**REQUIREMENT:** Output exactly the lines below, starting with the line that has "Workout Sets for" and going on through the line that has "Colorful fantasy house", both included, and no other lines.

**MATERIAL SHOWN:**
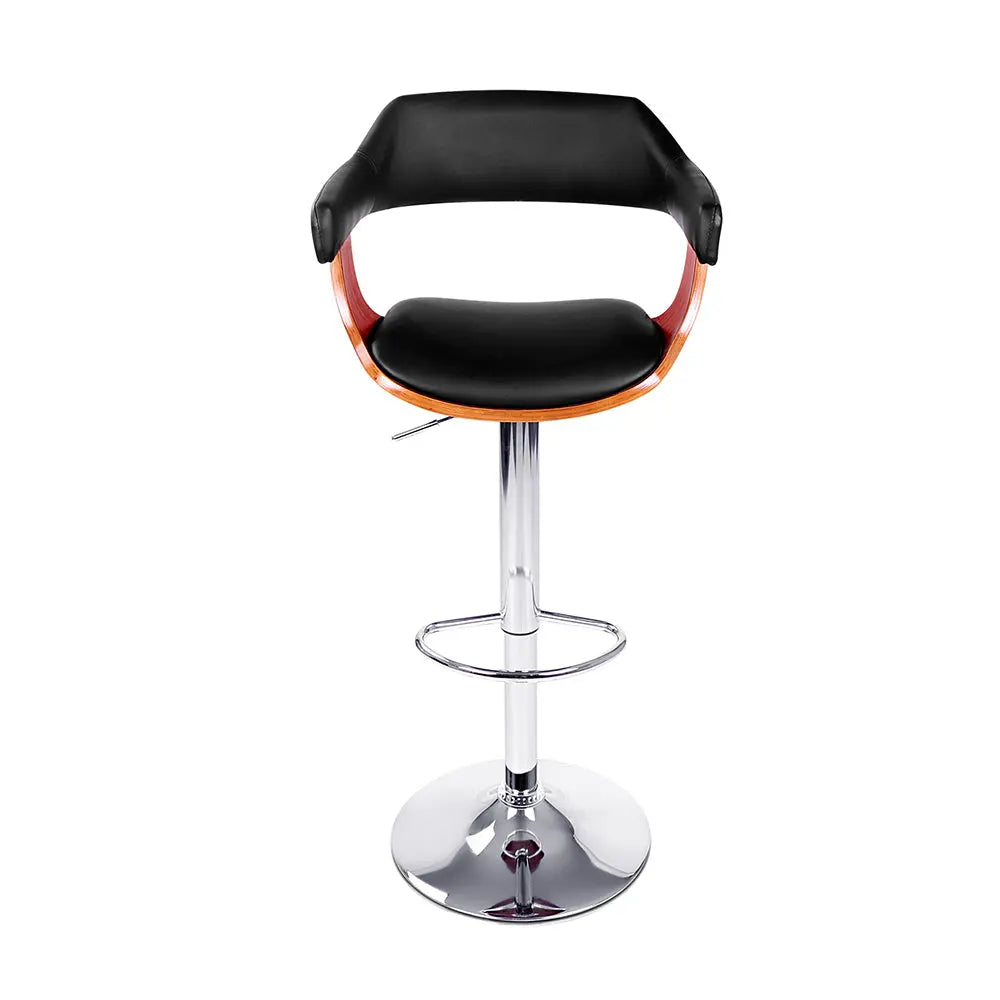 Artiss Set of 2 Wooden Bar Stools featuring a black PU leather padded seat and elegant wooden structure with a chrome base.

...

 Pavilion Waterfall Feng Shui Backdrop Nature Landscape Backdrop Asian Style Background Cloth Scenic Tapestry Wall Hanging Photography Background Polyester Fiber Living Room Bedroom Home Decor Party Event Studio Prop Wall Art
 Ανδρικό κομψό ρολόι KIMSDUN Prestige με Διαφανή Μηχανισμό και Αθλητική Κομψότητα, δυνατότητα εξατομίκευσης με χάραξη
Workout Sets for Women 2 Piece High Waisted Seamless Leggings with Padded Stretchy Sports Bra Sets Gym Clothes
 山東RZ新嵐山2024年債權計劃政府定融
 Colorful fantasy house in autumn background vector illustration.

==

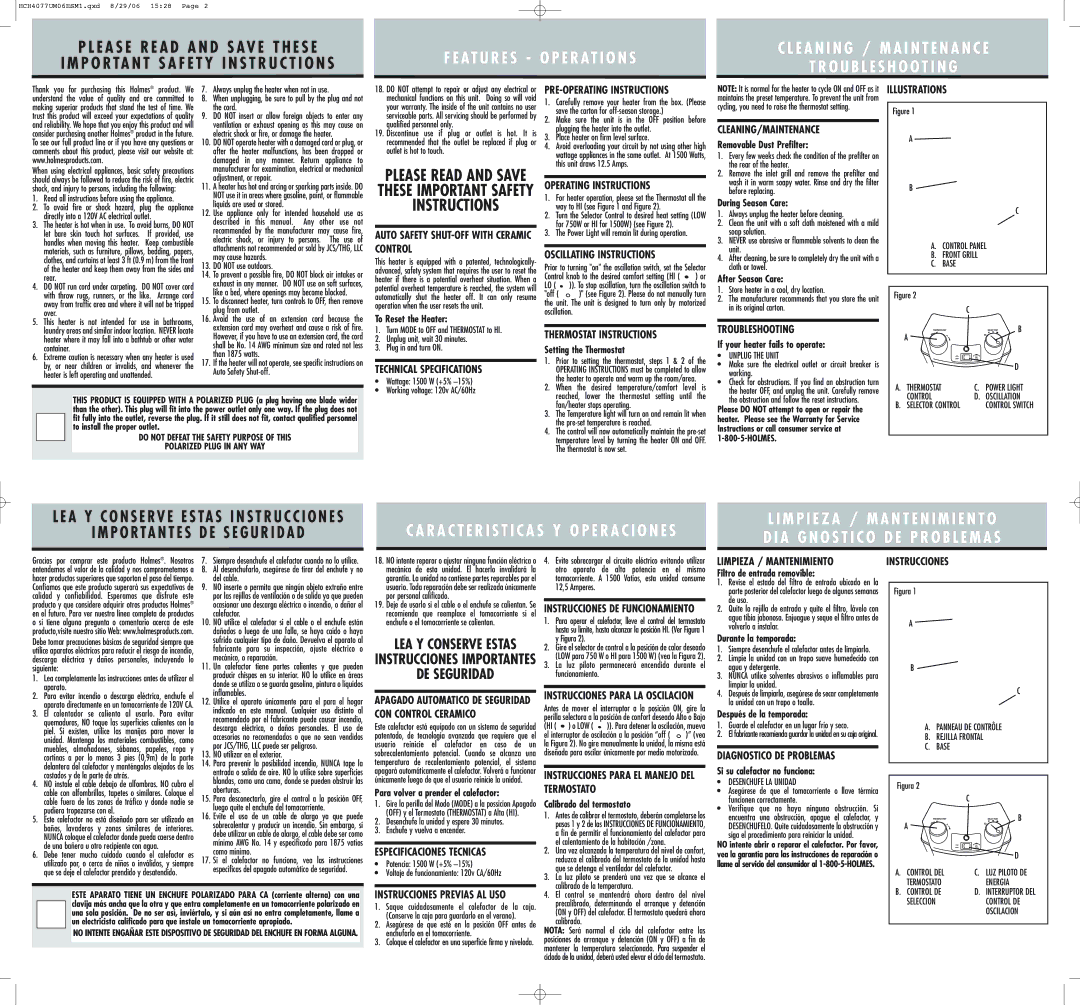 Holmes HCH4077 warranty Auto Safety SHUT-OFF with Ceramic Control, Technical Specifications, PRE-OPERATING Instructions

**OUTPUT OF THE EXERCISE:**
Workout Sets for Women 2 Piece High Waisted Seamless Leggings with Padded Stretchy Sports Bra Sets Gym Clothes
 山東RZ新嵐山2024年債權計劃政府定融
 Colorful fantasy house in autumn background vector illustration.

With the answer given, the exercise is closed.